Sorridenti nel presepe
Preparare il presepe è bello ed emozionante. Si prende un po’ di muschio, qualche pezzo di legno, la carta blu, le stelle, un po’ di cartone, le casette, le statue e la capanna. Il piccolo Gesù è seminudo e sorridente, meglio se disteso sulla paglia, con Maria e Giuseppe in contemplazione e l’asino e il bue ben disposti a destra e a sinistra del bambinello. Ecco pronto il luogo in cui il nostro Dio ha scelto di abitare. Non si sentono odori né il freddo della notte né la solitudine né l’amara sofferenza di essere stati rifiutati.
Eppure lo sappiamo che Dio è nato da un grembo di donna, in una terra dimenticata, figlio di un popolo sottomesso, in una rozza cultura, in una politica di intrighi, in una carne debole come la nostra. Nel presepe, invece, sono tutti così sorridenti! Io stessa sorrido, mentre seguo con lo sguardo il veloce e variopinto rincorrersi delle lucine, respirando quella magia che sa di bello, di sogno e di cielo. Per un attimo sono anch’io così, sospesa nella fiaba di Natale che mi viene raccontata. Ma, appena mi allontano, quel senso di incomprensione e di fallimento che tesse di debolezza la trama dei miei giorni ancora e di nuovo grida il suo bisogno di senso.
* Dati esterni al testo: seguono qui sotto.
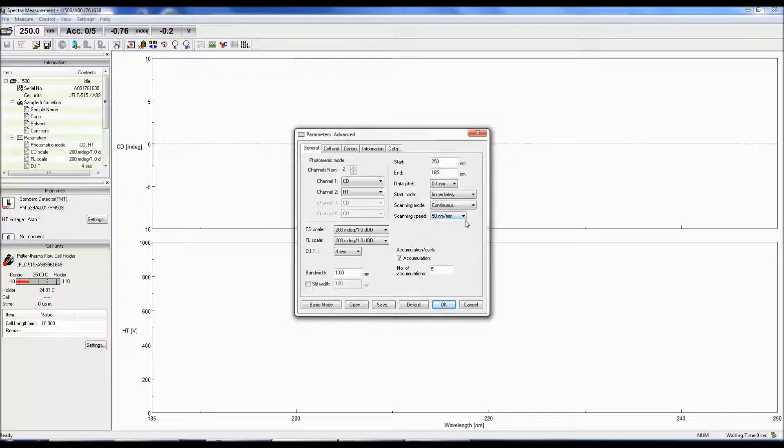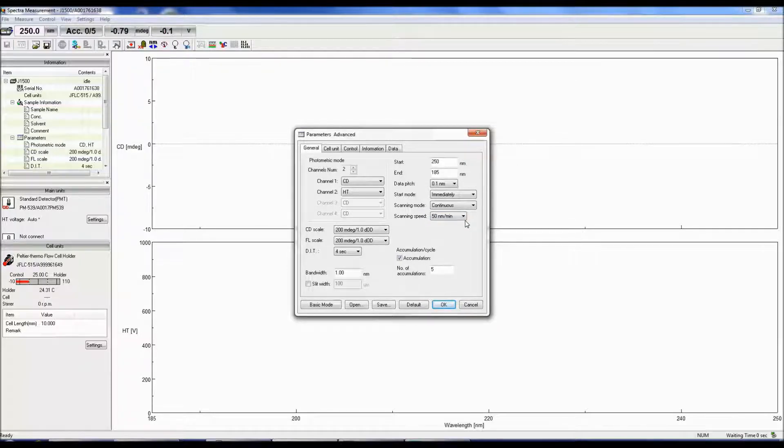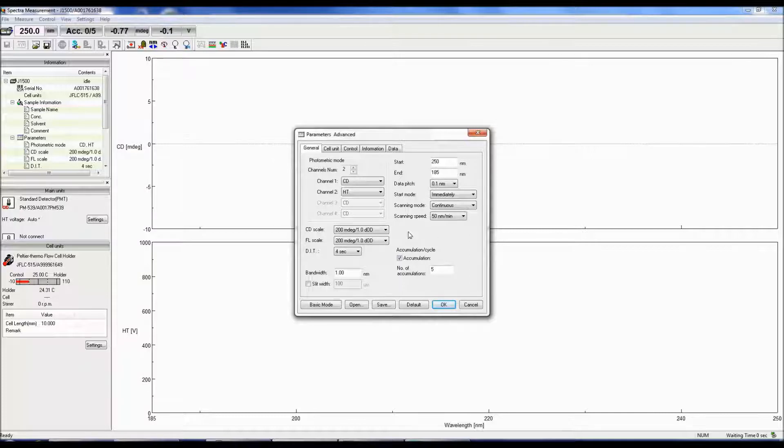The scanning speed is the speed at which the data is collected. 50 nanometers per minute is a good scan speed to begin with.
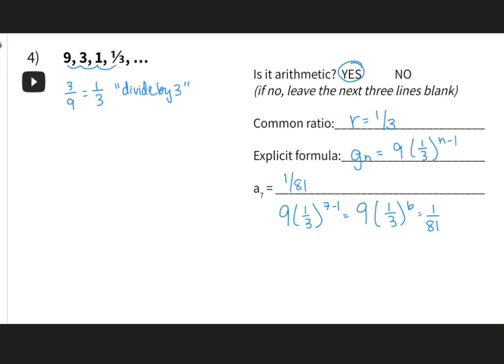If you write it as a decimal it's an ugly number — 0.012345679 repeating. So I'm just going to leave it as 1/81.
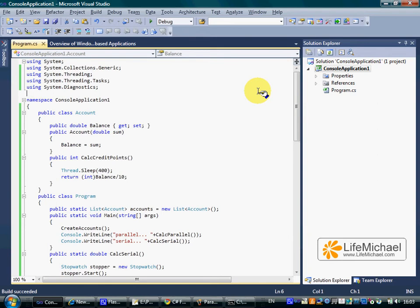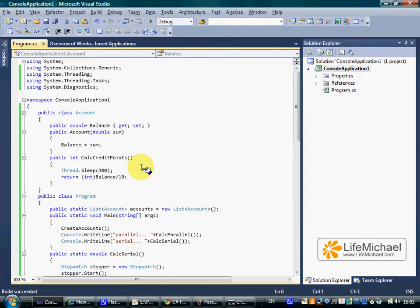In this code sample we have a list of accounts. On each one of the accounts we can call the calc credit points method, a method that takes 400 milliseconds to complete.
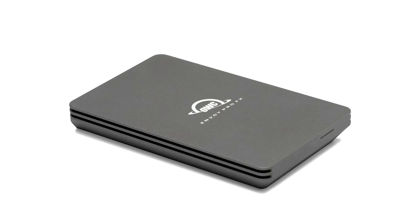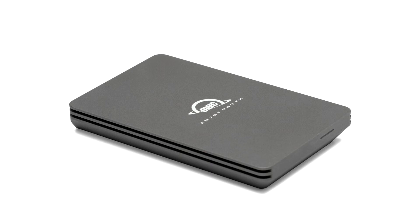External drives, SSDs, Mac and PC docking solutions, and performance upgrade kits announces the OWC Envoy Pro FX universal compatible Thunderbolt and USB portable SSD. By supporting the max performance capability of any interface up to 2,800 MB per second and built like a tank with dust, drop, and waterproof certification.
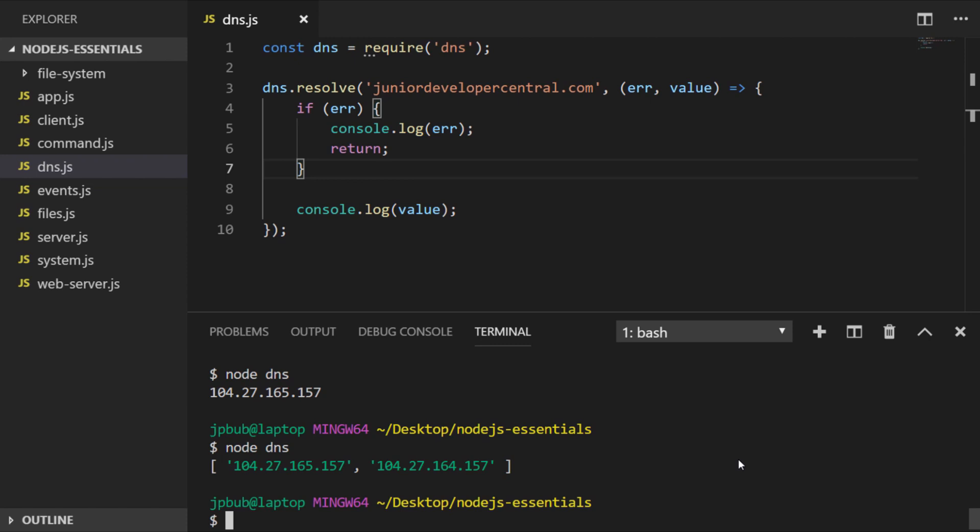Whereas the lookup function just uses the computer's internal DNS mechanism first to see if there's an IP address that it can actually return without having to do a network request.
E se nel mio presepe quest’anno non avessi paura di mettere me stessa con tutte le mie fragilità e debolezze, invece di presentarmi al piccolo Gesù vestita a festa, come la donna forte e invulnerabile che vorrei essere? La toccherei quella carne, che vive solo perché qualcuno se ne prende cura, la bacerei, soffio leggero che ridà vita, e lascerei che Lui abiti quella parte di me che preferisce e che io detesto, quello spazio lasciato libero al Suo intervento, perché io l’ho abbandonato e nascosto per vergogna e paura. Ecco la compagnia e il senso che il mio limite desiderava, ecco la guarigione che opera in me un Dio così, che se ne sta mezzo nudo sulla paglia, con una mamma e un papà come tutti gli altri, lasciandosi avvicinare sia da gente che non conta, sia da re stranieri venuti da lontano, in una notte che pare essa stessa piegarsi davanti ad un mistero troppo grande. Nel mio presepe, comunque, tutti continuano a sorridere; forse perché hanno intuito che è proprio dentro di loro che Dio ha deciso di abitare: nel silenzio burbero del pastore che avanza timoroso, nelle parole inadeguate della donna che si affaccia alla finestra della sua casetta, nelle menzogne e nell’esaltazione di re Erode, di cui si intravede il castello, nel cuore di Maria, nei pensieri di Giuseppe, nei sogni di gloria di chi attende un altro messia. In questo – e non in un altro – presepe Dio è venuto ad abitare.